Harald Endemann an seine Frau Charlotte, 3. Oktober 1942
O.U., den 3.10. 1942
Liebes Lottenkind,
also ich bin in Stade. Erster Eindruck von der Stadt und der Landschaft entzückend, soweit der Kommiss nicht hinkommt mit seinem Wahn. Hier auf unserem Gelände sieht es noch sehr kraus aus. Große Bagger sind an der Arbeit, um uns langsam in den Berg rein zu wühlen. Die Sache soll die Kleinigkeit von 6 Millionen kosten und wird nicht vor 2 Jahren ganz fertig sein. Scherzfrage – wie lange soll der Krieg dauern?

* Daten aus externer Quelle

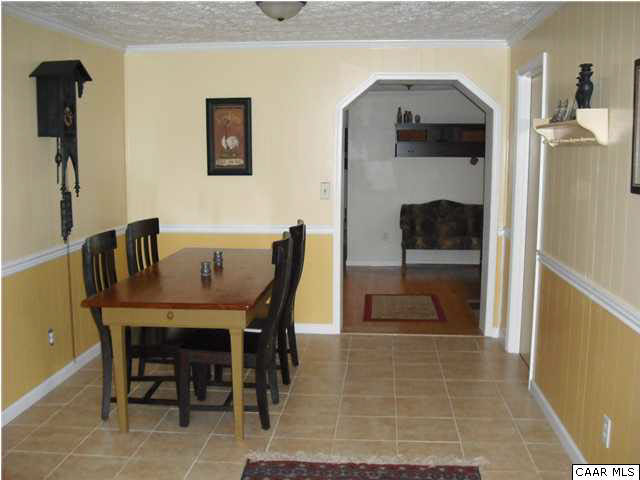 1453 Hanback Road Gordonsville, VA 22942 - Photo 8 of 12 a dining room with furniture and a fireplace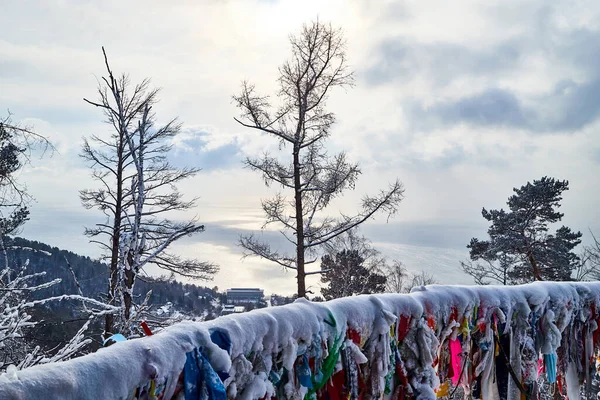 Buddhist multicolored wish ribbons at a height in the mountains above Lake Baikal in Russia. High landscape with Fencing with colored ribbons on cliff with trees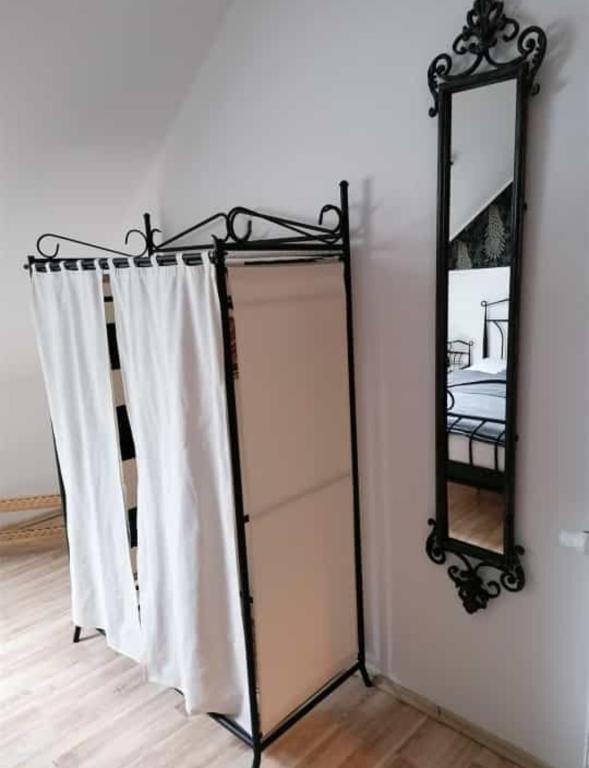 - un miroir et un rideau blanc dans la chambre dans l'établissement Ferienwohnung Mühlenbachhexe, à Lingen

Ich finde hier auch eine ganze Anzahl Briefe vor, lieber Briefe sogar, die mich herzlich erfreut haben.
Die aufgelaufenen Sachen werde ich von hier aus langsam aufarbeiten. Du mußt schon Geduld haben, denn wer sie arbeiten kann ich auch nicht. In der Anlage schicke ich Dir das Reichsgesetzblatt, den Brief der Gestapo und einen Briefentwurf von mir sowie einen unterschriebenen Bogen. Den Briefentwurf mußt Du nach den Akten ergänzen und dann mit derselben Aufteilung auf den Blancobrief abschreiben natürlich so, daß die Unterschrift drunterpasst. Dann schickst du ihn ab und Ab-
schriften an die Gestapo und das Finanzamt.
Die Pakete habe ich noch von Jever aus aufgegeben. Schreibe mir bitte sofort, wenn Deins angekommen ist. Ich habe eine Wertangabe gemacht.
Über Frau Banting mache Dir bitte genaue Notizen, damit man zu gegebener Zeit mit genauen Angaben aufwarten kann. An Heidis Geburtstag denke ich natürlich, ich weiß aber mit dem besten Willen nicht, was ich ihr schenken könnte. Über das Bild wo der lütte Jürgen drauf ist, habe ich mich sehr gefreut.
Das restliche Geld an Wiel kannst Du abschicken. Kündigen tue ich von hier aus.
Daß von Studienrat Becker ein Sohn gefallen ist, tut mir sehr leid, denn ich kannte sie beide sehr gut. Es waren Prachtkerle. Kannst Du erfahren welcher?